Collegium Helveticum
magda-campos-pons_red-composition
Maria Magdalena Campos-Pons "Red Composition," from the Los Caminos (The Path) series, 1997.
Fellow Project 2025–2026

Epistemological Marronage
Black Womanhood and Counter-Hegemonic Knowledge in a World in Crisis

In a time of unprecedented global upheaval, this project examines how Black women across Latin America and the Caribbean generate forms of knowledge that offer radical frameworks for reimagining humanity and our collective future.

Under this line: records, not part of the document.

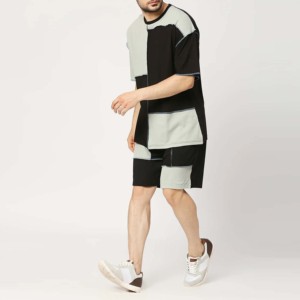 เสื้อแขนสั้นสำหรับเด็กผู้ชายกางเกงขาสั้นระบายความร้อนแบบลำลองพิมพ์ลายสำหรับฤดูร้อน - Product Image 1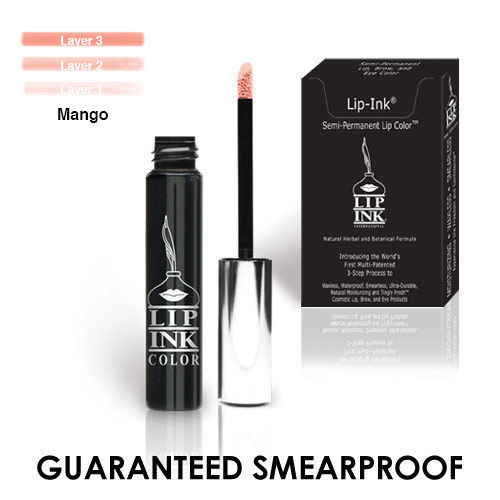 LIP INK Organic Vegan  Smearproof Trial Lip Kits - Mango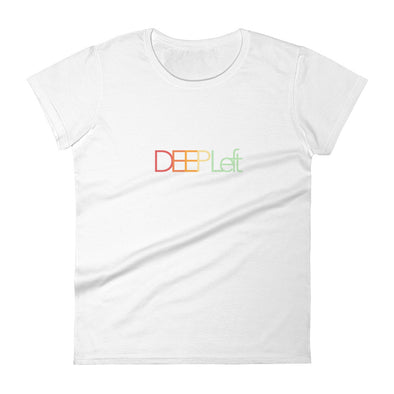 Women's “DEEP Left” short sleeve t-shirt - Delight Klothing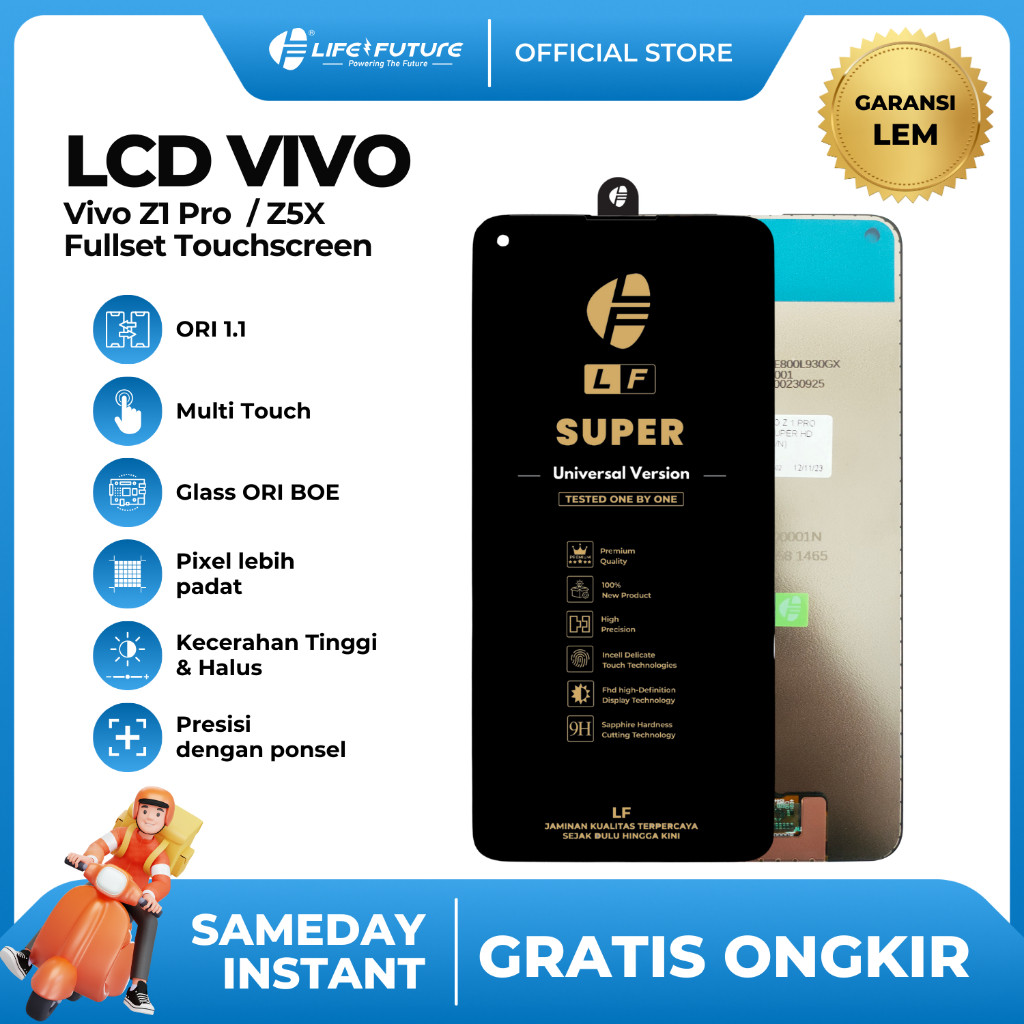 [LCD LIFE FUTURE] - (GARANSI LEM) LCD Vivo Z1 Pro  / Z5X Fullset Touchscreen LCD LF GROSIR MURAH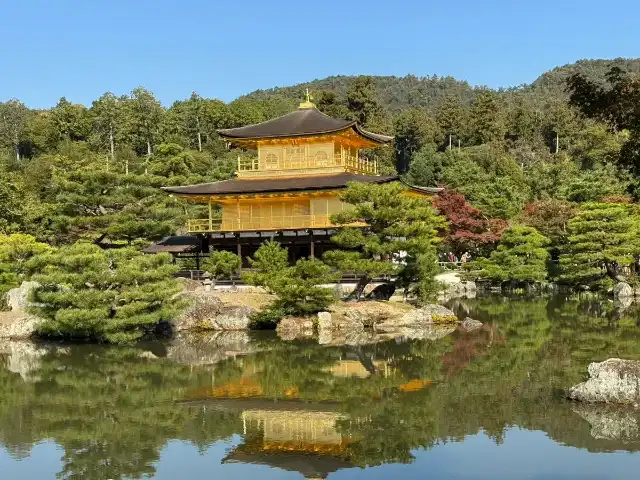The Golden Pavilion of Kinkaku-ji Temple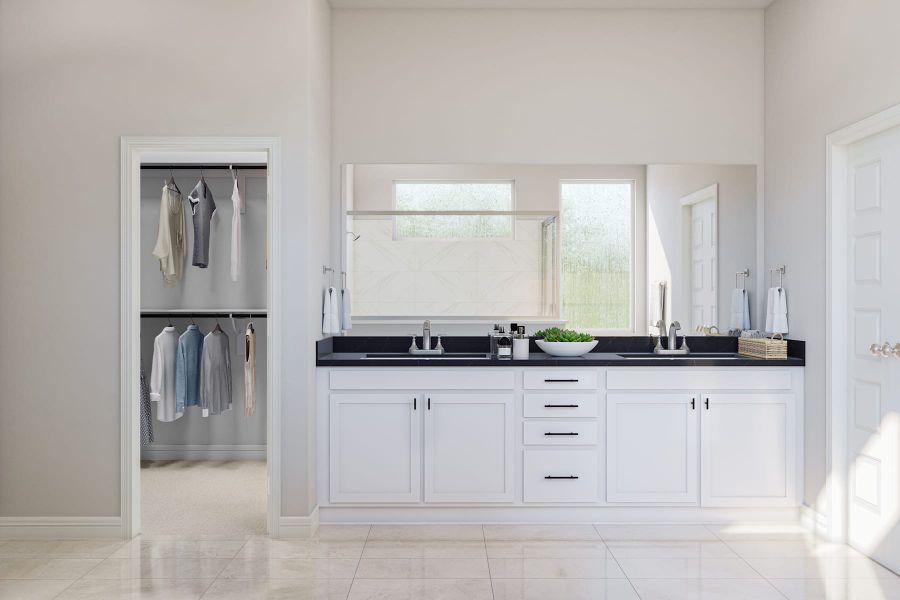Representative furnished interior of a home built from the Kinglet by Tri Pointe Homes in Oakhill Reserve, Tomball (Image 9).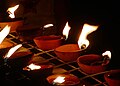 Image 1Diyas lighting on Divali night in Trinidad and Tobago. (from Culture of Trinidad and Tobago)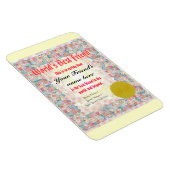 世界のフレンド最高の証明書を作成 マグネット (右側)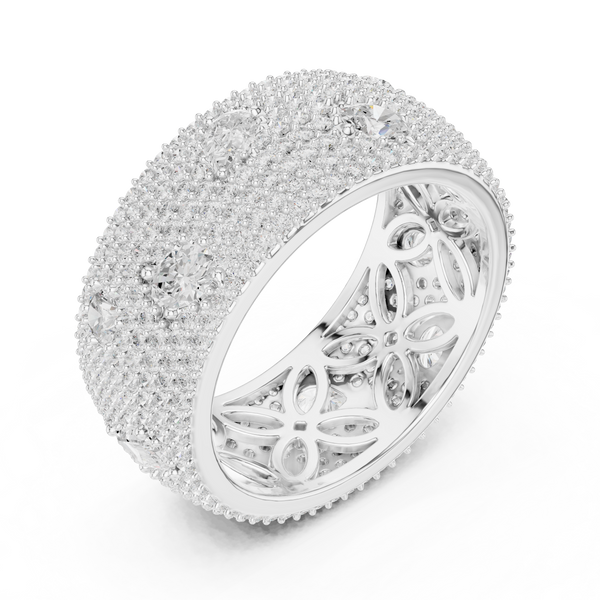 Woodland path Lab Grown Diamond Princess Cut Ring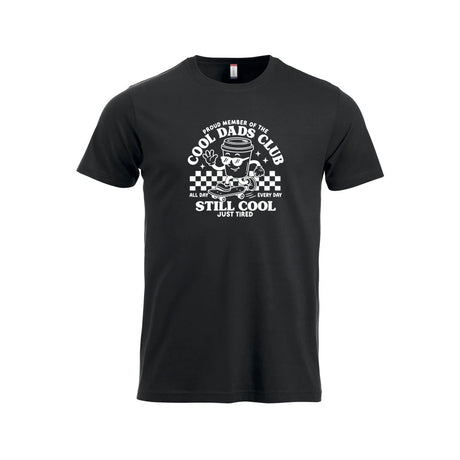 Cool Dads Club t-skjorte – Sort – foran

The research introduces two key concepts: epistemological marronage—reinterpreting historical flight from enslavement as a contemporary intellectual and spiritual departure from hegemonic knowledge systems—and ontological self-birth—the deliberate rejection of imposed identities to craft autonomous modes of existence that transcend Eurocentric worldviews. Drawing on Sylvia Wynter's notion of the “demonic ground,” it traces how Black women transform their historical and ongoing exclusion from dominant definitions of the human into powerful sites of resistance, survival, and world-building.

Integrating literary and visual analysis, archival research, history, and political thought, Epistemological Marronage demonstrates how Black women's creative and intellectual practices constitute vital counter-hegemonic epistemologies. By reshaping relationality, community, and the meaning of being human, their work opens pathways toward more just and livable worlds.